Перед академией наук должно все подвергать вычислению, и потому предлагаю точную числовую меру этого демагогизма.
До революции 89 г. во Франции в год добывалось селитры не более миллиона фунтов: стараниями комиссии, одушевляемой Монжем, в десять месяцев добыто двенадцать миллионов.
Во всем государстве было только два медно-пушечных завода: деятельностью нашего товарища устроено пятнадцать, и на них ежегодно отливалось тысяч семь пушек.
Четыре завода чугунно-пушечных заменены тридцатью, и вместо девятисот начали отливать ежегодно тридцать тысяч пушек.
В той же пропорции размножились заводы для бомб, ядер и прочих артиллерийских принадлежностей.
Не было ни одной мануфактуры для белого оружия: учреждено двадцать.
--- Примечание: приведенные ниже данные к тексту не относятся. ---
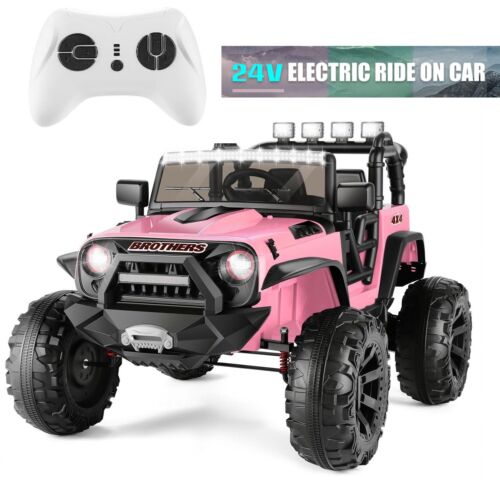 Kids Electric Ride On Jeep with Remote Control, 3 Speeds, LED Lights, and AUX/USB Connectivity - 24V/12V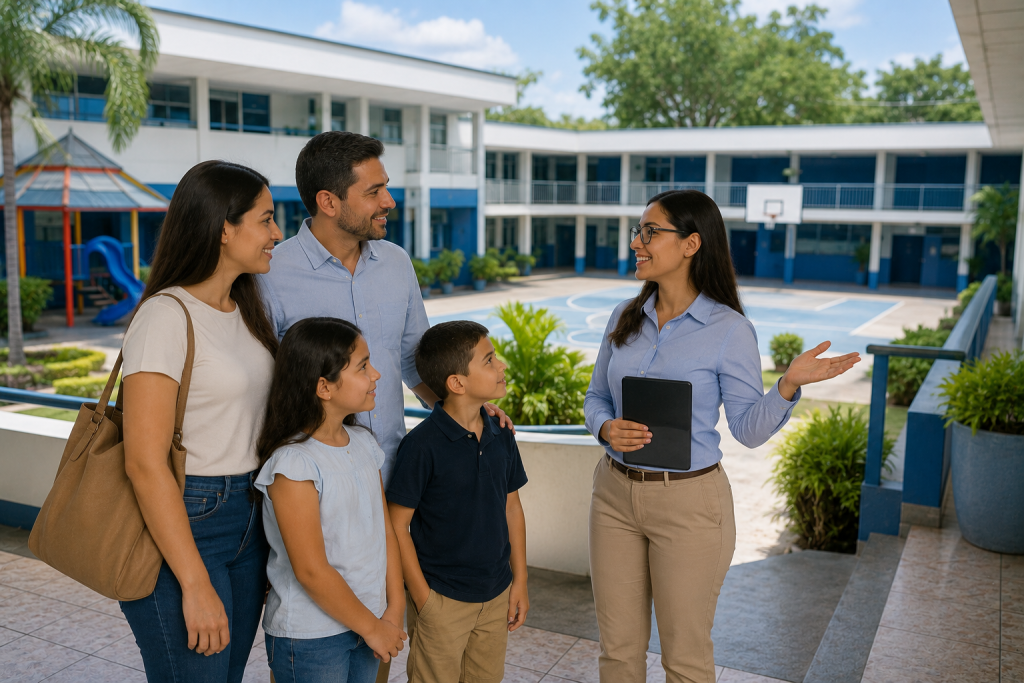 Instalaciones seguras de colegio en Izabal en Morales, Guatemala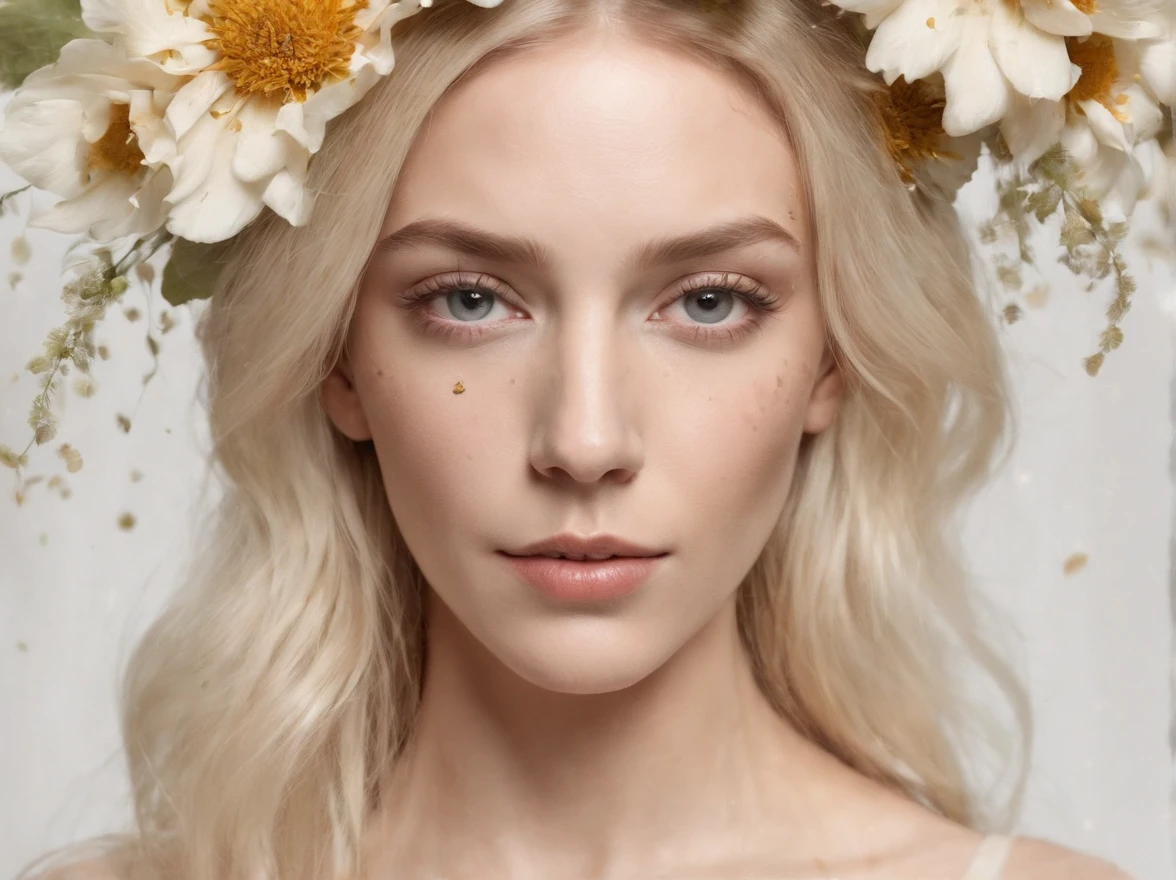 Caucasian woman in an illustration with dripping flowers on her face,upper body,blonde hair, in the style of collage-based, made of insects, william wegman, colorism, white background, pencil art illustrations, national geographic photo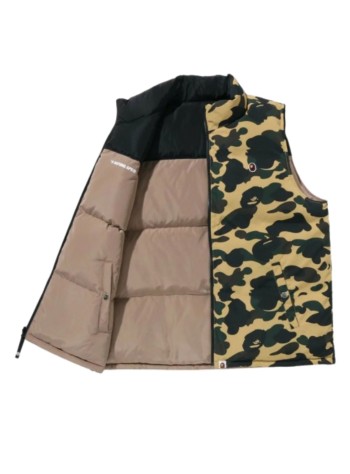bape outerwear man1st camo reversible down vest m - 1l80144006 yellow 2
В одном Париже начали делать в год по сто сорок тысяч ружей, чего не могли получать из всех оружейных заводов. Не удовольствовались парижскими заведениями; учредили их во всех местах республики, наименее подверженных нападениям неприятелей.
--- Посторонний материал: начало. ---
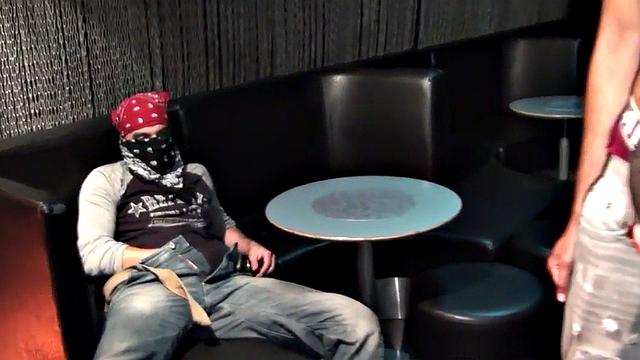 bottom stud gets banged in 3some after BJ.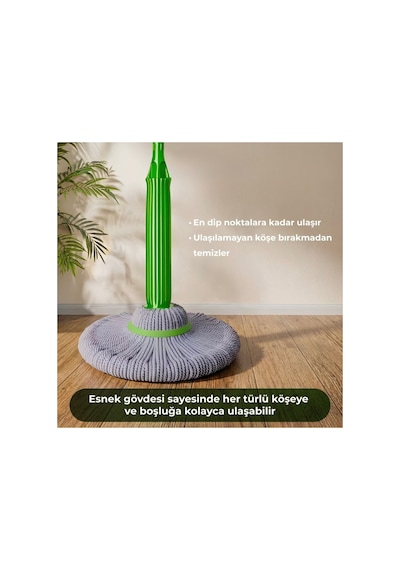 Magic Mop Kendinden Sıkmalı Mikrofiber Paspas Ucu Oto Ve Ev Mop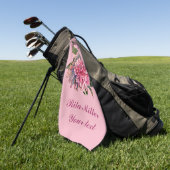 Roze Dahlia bloemen Golfhanddoek (Groen)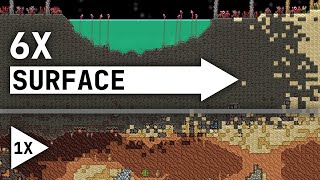 Terraria's Corruption actually spreads 6x faster on the surface. Why?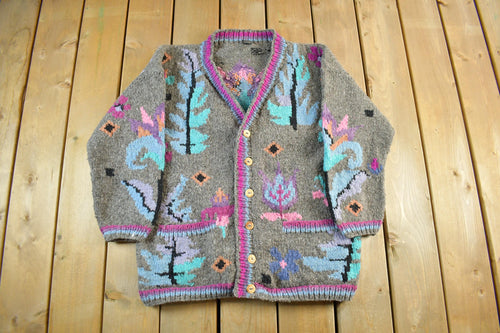 Vintage 1980s Tejidos Otavalo Wool Hand Knit Cardigan Sweater Adult L-XL / Made in Ecaudor / Floral Native Tribal Art Pattern / Heavyweight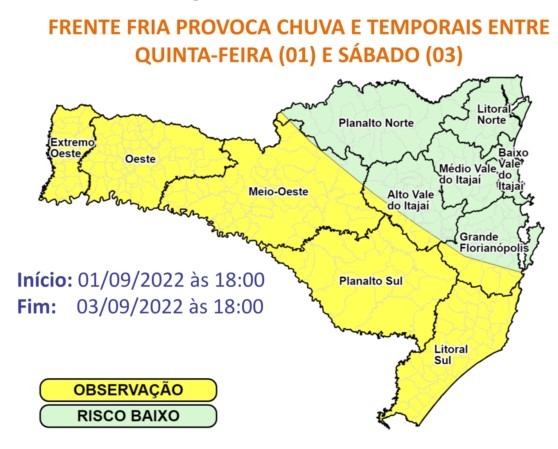 Ocorrências associadas aos temporais podem ser registradas nas áreas em amarelo do mapa &#8211; Foto: Reprodução/Defesa Civil/ND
Наконец, вместо шести мастерских для починки всякого рода оружия, в самом начале войны явилось восемьдесят девять.
Вот что легкомысленные историки называют демагогизмом Монжа!
Небесполезно бросить взор на необыкновенные обстоятельства, среди которых действовал патриотизм Монжа. Знаменитый геометр не был богат, и его комиссарство при оружейных и пушечных заводах ничего не прибавляло к его доходам. Из записок его достойной подруги видно, что Монж, возвращаясь из своих продолжительных и тягостных осмотров различных мануфактур, находил дома один только сухой хлеб. Тот же хлеб брал он с собой, когда выходил из дома в четыре часа утра. Один раз жена его нашла средство прибавить к хлебу кусок сыра; Монж осердился и сказал: «Ты навязываешь на меня беду; разве я не сказывал, что на прошедшей неделе депутат Ниу шептал своим товарищам: «Монж начинает роскошествовать; он ест редиску»?
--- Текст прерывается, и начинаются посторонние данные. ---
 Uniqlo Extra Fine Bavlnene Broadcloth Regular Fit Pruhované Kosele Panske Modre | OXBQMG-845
Такая бедность, о которой ныне мы не можем составить даже понятия, едва не погубила нашего товарища. После полусуточных занятий на литейном заводе, он почувствовал упадок в силах; Бертолле прописал ему ванну; но надо было отказаться от этого пособия: в доме Монжа не было дров, чтобы согреть воды, и по близости не нашли ни одной бани.
Подобные лишения были ежедневными; но Монж все переносил, потому что он забывал свое тело; его душа жила на заводах, где приготовлялось оружие для защитников отечества; вне этой сферы все казалось ему ничтожным. Выслушайте доказательство. Г-жа Монж узнала, что на ее мужа и Бертолле подан донос. В слезах бежит она к знаменитому химику и находит его спокойно сидящим в Тюльери под тенью каштана. Он знал уже о доносе, но думал, что его и Монжа начнут преследовать не ранее восьми дней. «А тогда, — сказал он с обыкновенным спокойствием, — нас, без сомнения, арестуют, начнут судить, осудят и поведут под гильотину». Когда возвратился Монж, жена его рассказала ему страшные слова Бертолле. «По правде, — отвечал геометр, — я ничего не слыхал; я знаю только то, что мои литейные работают чудесно».
Часто спрашивают, каким образом наши отцы, владея ничтожными средствами, могли защитить наше отечество? Кажется я дал удовлетворительный ответ на этот справедливый вопрос.